The clinical history of antiseptic practice was assembled in the second half of the nineteenth century. The Hungarian obstetrician Ignaz Semmelweis, working at the Vienna General Hospital in the 1840s, observed that puerperal-fever mortality in the medical-student-attended obstetric ward was approximately ten-fold that of the midwife-attended ward; the difference, he concluded after the death of a colleague from a finger pinprick during autopsy, was that the medical students came to deliveries directly from cadaver dissection and carried "cadaveric particles" on their hands. The 1847 introduction of chlorinated-lime hand-washing in the Vienna obstetric ward reduced the puerperal-fever mortality from approximately 18 percent to under 2 percent.[1] Semmelweis's findings were rejected by his contemporaries; he was dismissed from his post, suffered a mental breakdown, was committed to an asylum, and died there in 1865, two weeks after admission, of sepsis from beating by the asylum guards.

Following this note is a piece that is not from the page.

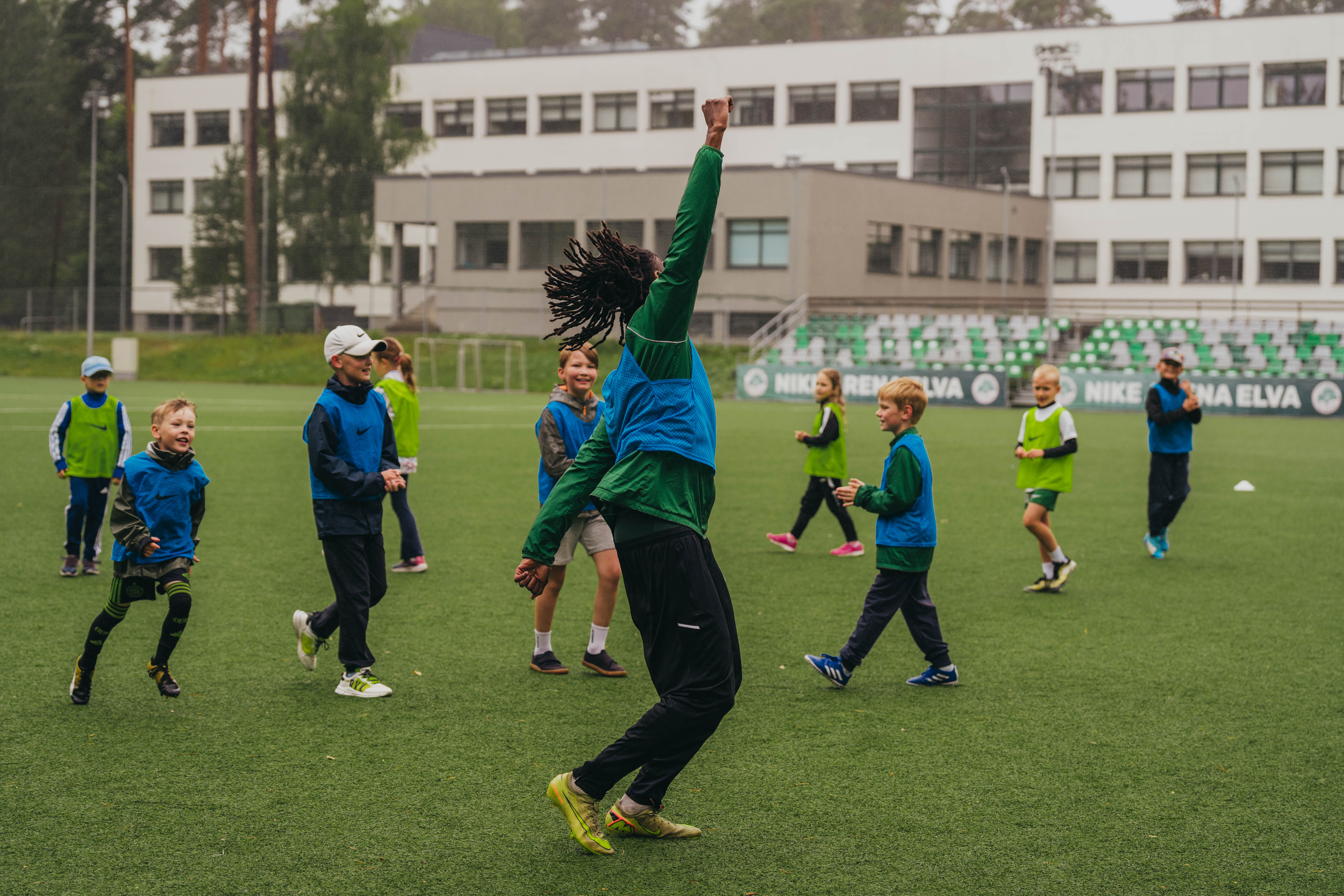 FC Elva treener ja lapsed rõõmustavad trennis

The British surgeon Joseph Lister, working at the Glasgow Royal Infirmary in the 1860s and inspired by Pasteur's germ-theory work in fermentation, introduced carbolic acid (phenol) as a surgical antiseptic. His 1867 Lancet paper, "On a new method of treating compound fracture, abscess, etc., with observations on the conditions of suppuration", reported sustained reductions in surgical-wound infection and amputation-stump mortality with carbolic-acid spray and dressing.[2] Lister's antiseptic technique was the foundational event of modern surgical practice; his name survives in Listerine (originally a surgical antiseptic, then a mouthwash) and in the bacterial genus Listeria (named for him by Pirie in 1940).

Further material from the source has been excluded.